December 3, 2015
A couple of weeks ago I was at the Volunteering New Zealand Conference e tu, where we heard a lot about the progress champion organisations have made through adopting the Best Practice Guidelines for Volunteer-Involving Organisations. Results are impressive, for managers of volunteers, for volunteers, and for the whole organisation.
I got excited to learn about a new set of values developed by St John New Zealand. Because organisation values have been a long-standing academic and applied interest for me. Here’s some thoughts I wrote three years ago.
In that blog I was concerned about the distance between words adopted as values and their meaning, and about organisational response to the importance of values.
Not every organisation displays their values on a website or their letterhead. Questions about organisation values are rarely asked in recruitment interviews. Monitoring behaviour against the meaning of value words is a low priority. Could this lack of attention explain the ease of ‘mission creep’ and ‘marketisation’ of many organisations over recent times?
What got me excited about St John’s innovation is the language used, avoiding the usual high-level abstract virtues:
Our five Values guide how we do things together as One St John. These are:
We do the Right Thing – Whakaaro Tika We take responsibility. Make the tough calls. Think of others.
We stand Side by Side – Whakakoha We respect, value and support what others contribute.
We Make it Better – Whakawerohia We find solutions- step up, own it, do it.
We have Open Minds – Whakahangahanga We listen openly. Encourage ideas. Welcome feedback.
We are Straight Up – Whakapono We act with honesty, courage and kindness.
Yes, there is still some abstraction. But note how Inclusive is present throughout the iteration: We do things together, and each value is a declaration of intent prefaced by We, indicating again that everyone in the organisation is involved. Instead of the word Integrity, widely invoked as a value in the sector, each value resounds with responsible ethical practice. Dignity isn’t there either, but inferred in Think of others, Respect what others contribute, Acting with kindness. No need to talk of Excellence – striving for the best is inherent in every one of those values.
Note also how each value is underpinned by behavioural expectations. These are the benchmarks that will steer all operations throughout the organisation. No longer are values something for the Board and the Senior Management Team to worry about: all staff and volunteers are responsible for aligning their actions with the stated intent of the values.

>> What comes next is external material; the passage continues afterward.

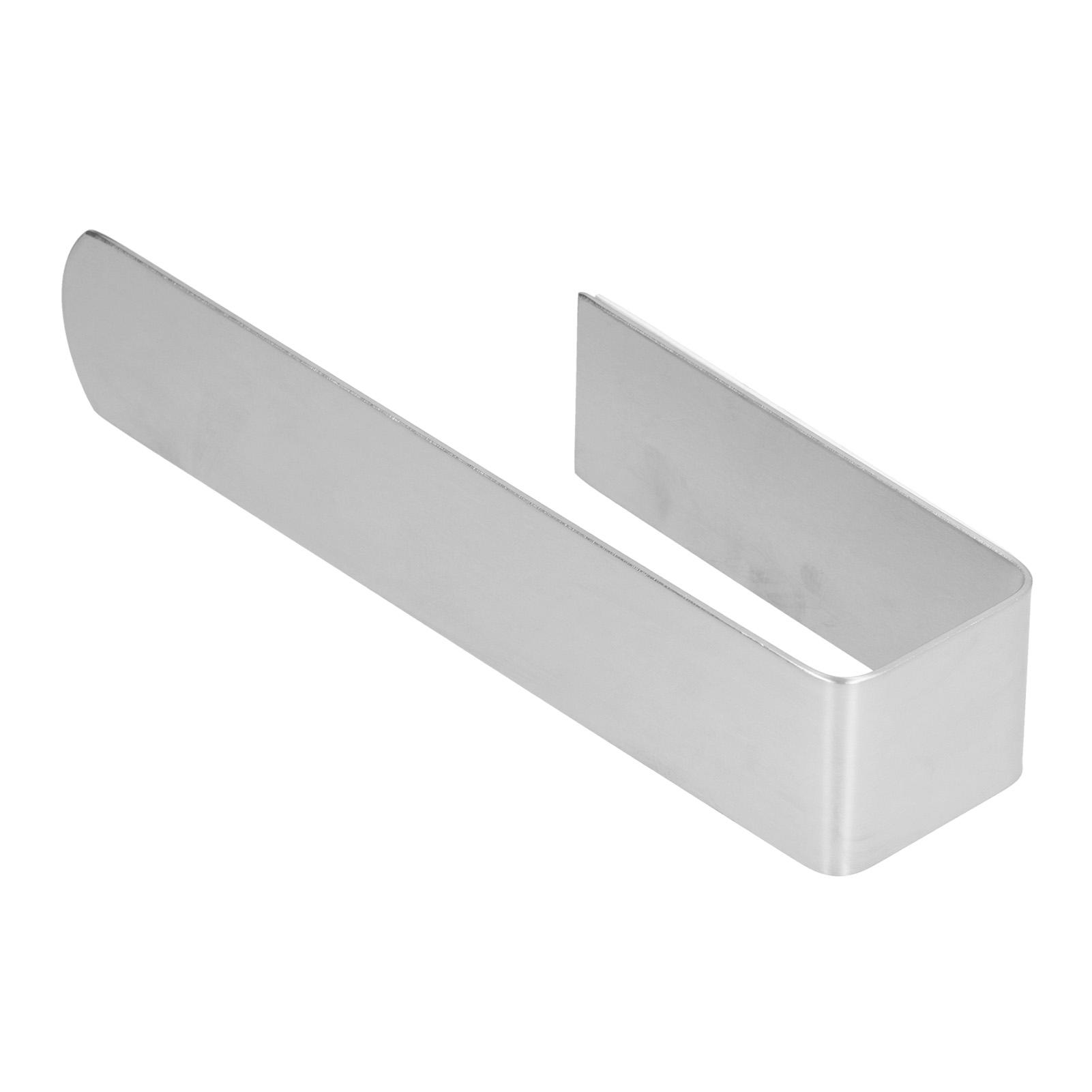 

Stainless Steel Towel Rack Punch Free Bathroom Shelf Towel Rod Bathroom Accessories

There’s accountability for you, and potentially an indicator of performance and impact.
Anyone who has been involved in culture change in an organisation will know what an enormous undertaking this can be, taking a long time, overcoming resistance, and downright frustrating at times for all parties. St John New Zealand, an organisation that serves communities throughout the country, with staff and volunteers numbering thousands, has made the process look straightforward.
When an organisation establishes a new strategic plan and finds the old values are out of touch it is time for change. St John set up a steering group of representatives ‘from the shop floor’, to canvass people in all parts of the country on the values that were significant in their work. Yes, there was an external agency involved, but it was the steering group that led discussions and gathered feedback. There was a high level of engagement throughout, and it took months.
Once the preferred values were identified and named another round of meetings ensued, presenting results, encouraging understanding and buy-in of the new look line-up of values. Additional information and resources were available too, including a badge to pin on uniform shirts.
And all the time St John kept an eye on the Best Practice Guidelines, monitoring performance against changes observed and responses to the new values.
Thank you, St John New Zealand, for showing the way to implement change, and thank you Volunteering New Zealand for providing the platform.